» What the task requires
When you return the data, keep every line exactly as it is and leave out the pictures.

» Source material
+ + + +
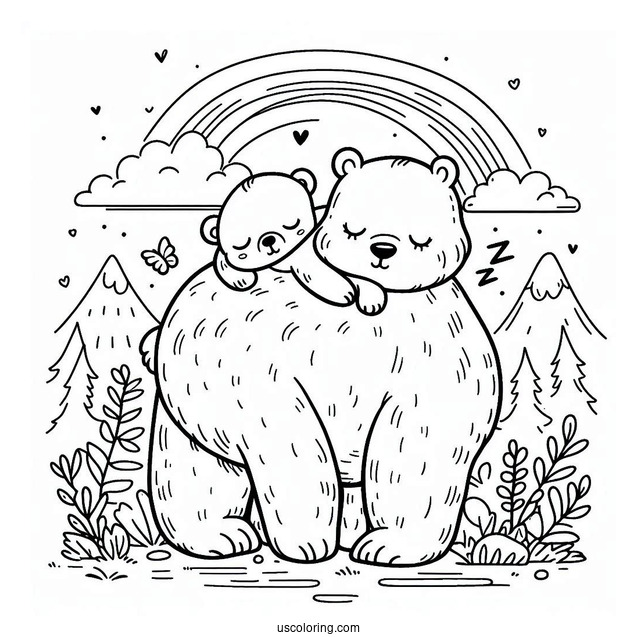 Bear Coloring Page Of Cub Sleeping On Mama Bear s Back While She s Walking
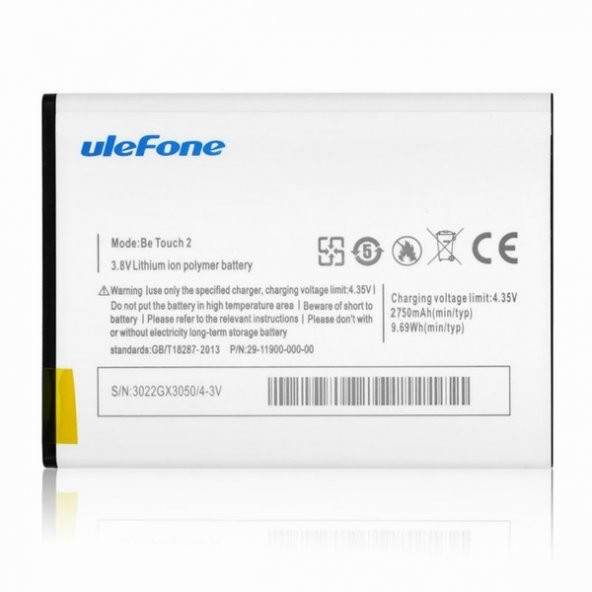 Day Ulefone Be Touch Smartphone 2750 mAh ORJİNAL Batarya Pil (Uzun Ömürlü 2 YIL GARANTİLİ) BBZ10LS003306 ürün görseli 1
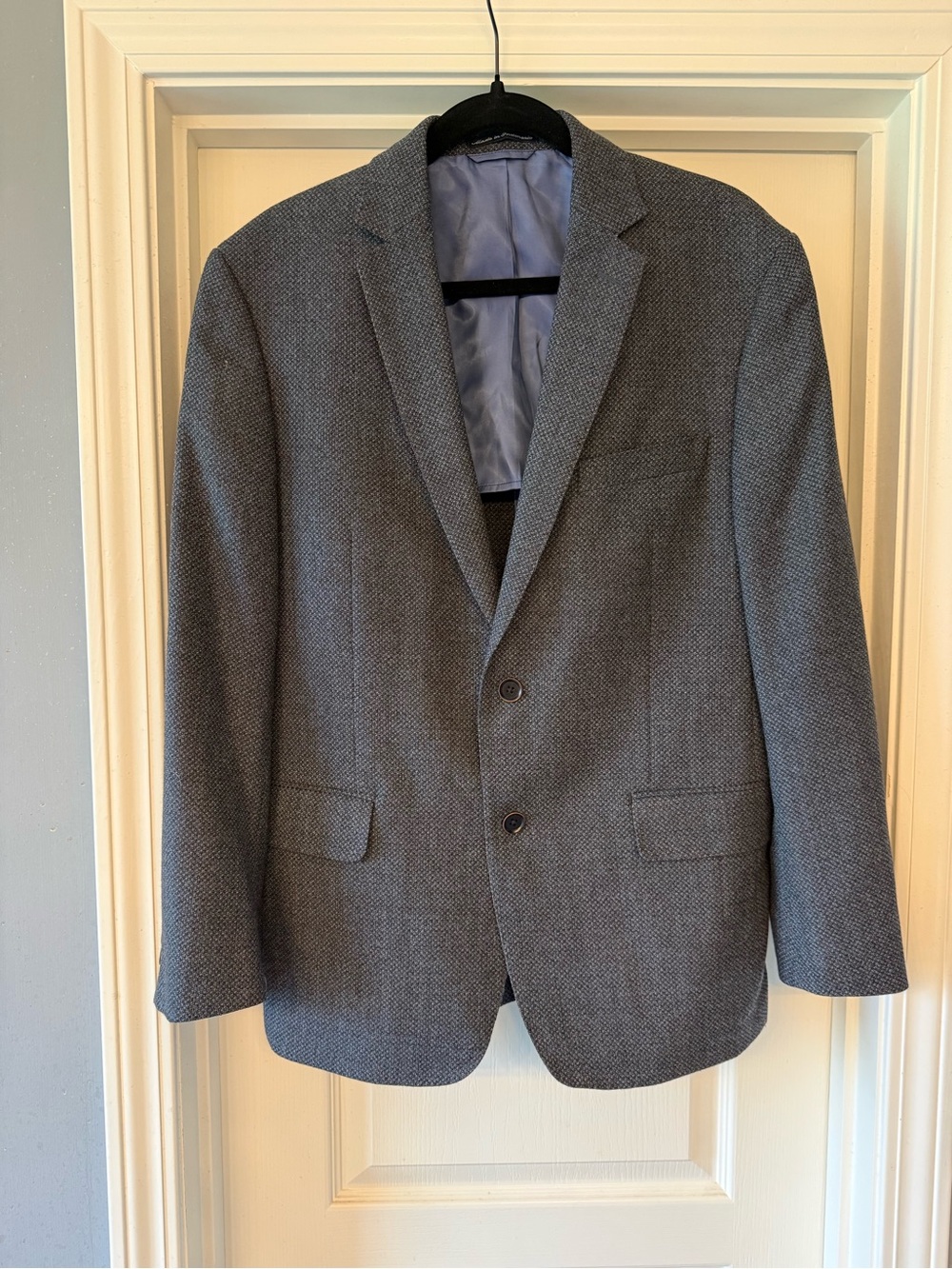 Hart Schaffner Marx Men's Blue Gray Two-Button Sport Coat Blazer 42S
+ + + +
» Output of the task
 Bear Coloring Page Of Cub Sleeping On Mama Bear s Back While She s Walking
 Day Ulefone Be Touch Smartphone 2750 mAh ORJİNAL Batarya Pil (Uzun Ömürlü 2 YIL GARANTİLİ) BBZ10LS003306 ürün görseli 1
 Hart Schaffner Marx Men's Blue Gray Two-Button Sport Coat Blazer 42S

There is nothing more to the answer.